Data Parallelism with Ray Tune

I am running Ray Tune with gpu=1 per trial, but each trial is only using one GPU although I specified net = torch.nn.DataParallel(net) as opposed to splitting the data across all 8 GPUs, do I need to set gpu=8 in the resource configuration to allow data parallelism across GPUs?

This is the resource config:
tuner = tune.Tuner(
resources={“cpu”: 2, “gpu”: 1} # per trial by default

I think my goal is to split the computation of each trial across the GPUs (using DataParallel) while running multiple trials with multi-processing in parallel, but I have not figured out the best way to do it. For example, if I run my tuner with resources={“cpu”: 2, “gpu”: 1}, each trial will run on its own GPU but this would not benefit from the data parallelism you could get from DataParallel. In addition, if I were to run with resources={“cpu”: 2, “gpu”: 8}, only one trial could benefit from the data parallelism.

What is your desired behavior here? How many GPUs do you want each trial to use?

There are 8 GPUs available, and I want to maximize the parallelism available without limiting each trial to the number of physical gpus assigned to each worker. As they are shared resources, I want to avoid hotspotting a single GPU.
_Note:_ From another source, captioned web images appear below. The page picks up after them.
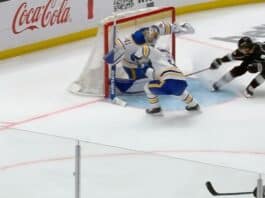Kenttämestarin erikoinen Viktor Arvidsson käytti tilanteen hyväkseen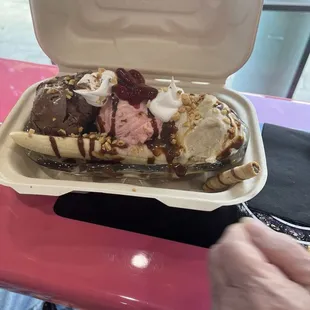 Baked AF banana split!!!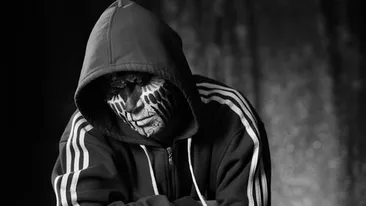 Carla's Dreams a dat lovitura! Dupa colaborarea cu Inna, acum filmeaza videoclip cu Loredana. Vezi cum au agatat-o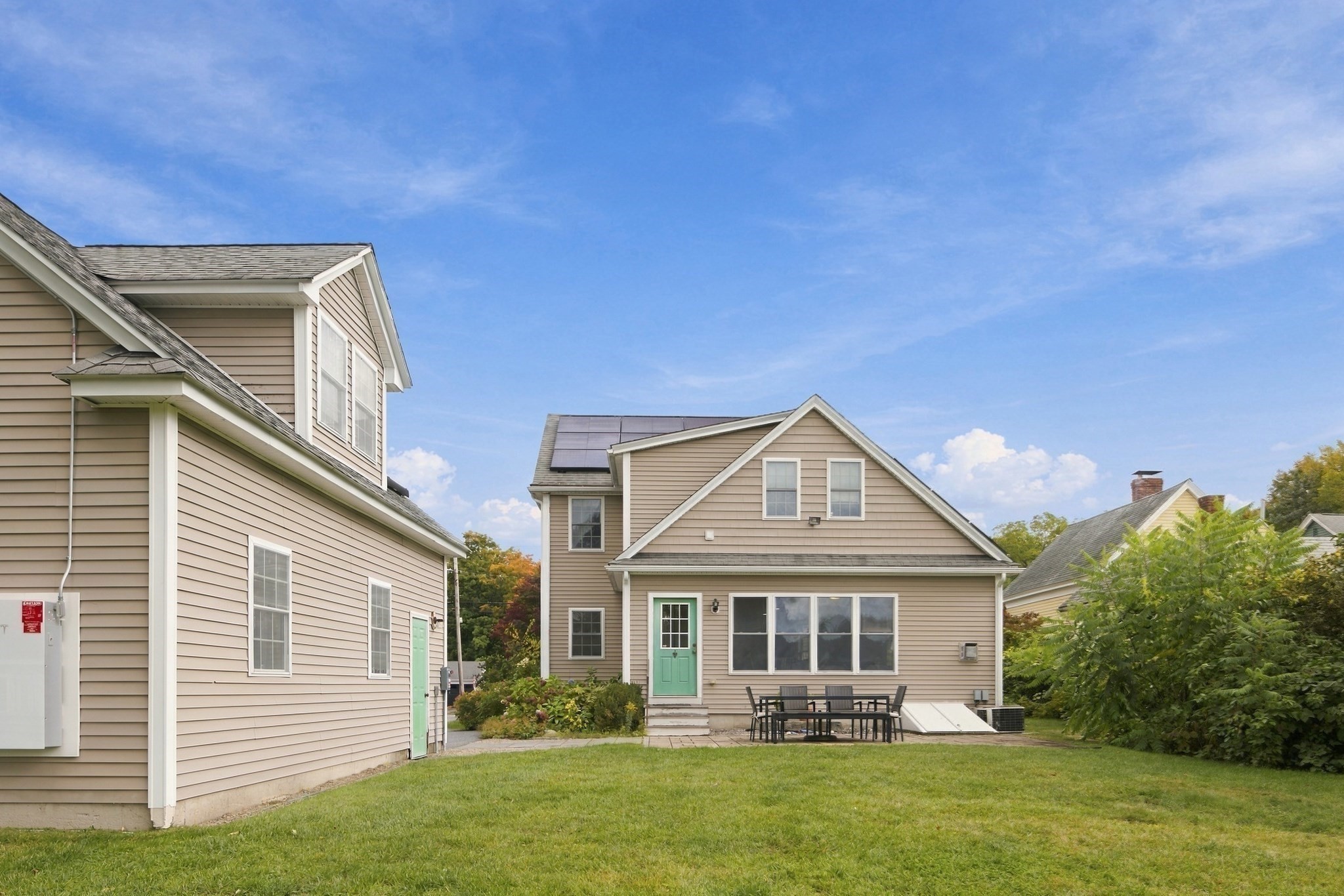 80 Grove St Property Photo 4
The desired behavior is to enable each trial to provision all 8 GPUs available so that the batch can be sharded across the GPUs while running more than one trials in parallel.
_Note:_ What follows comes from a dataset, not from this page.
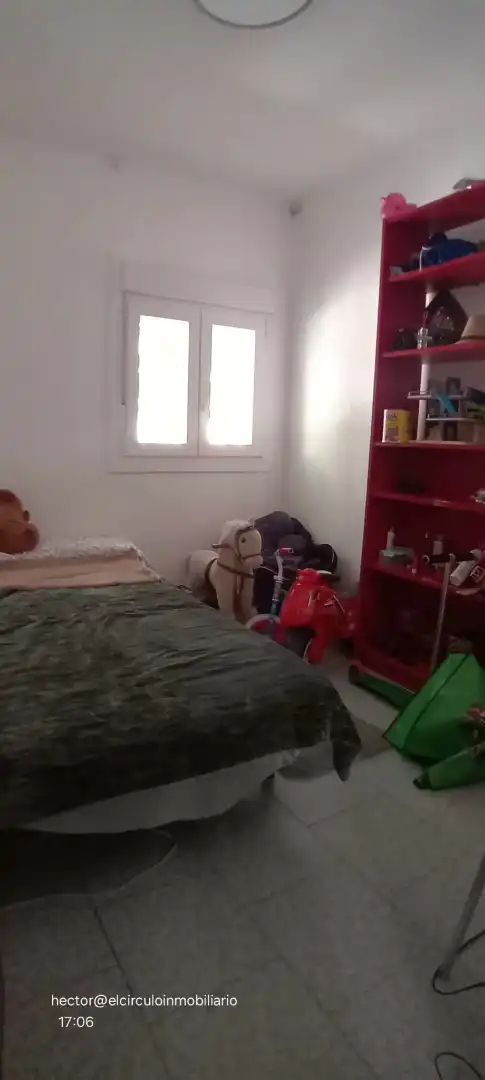 Piso en venta en Calle de Eugenia Bueso, Las Fuentes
Currently this is impossible because setting “gpu”: 1 causes hotspotting a single gpu while “gpu”: 8 causes abuse of resources (leaving a lot of resources unused).

Can you explain more about your use case? Typically you want to use data parallelism if you are bound by the memory of a single GPU. If you have N trials, it would not be beneficial for each of them to be running in a data parallel fashion across all 8 GPUs.

As I am running in a shared environment where lots of people could be using the same GPUs, training the whole batch in a single GPU could potentially cause OOM error.

To avoid the OOM error, I would like to shard the batch across GPUs.

As you mentioned this is probably not a good solution performance-wise but a workaround would be nice.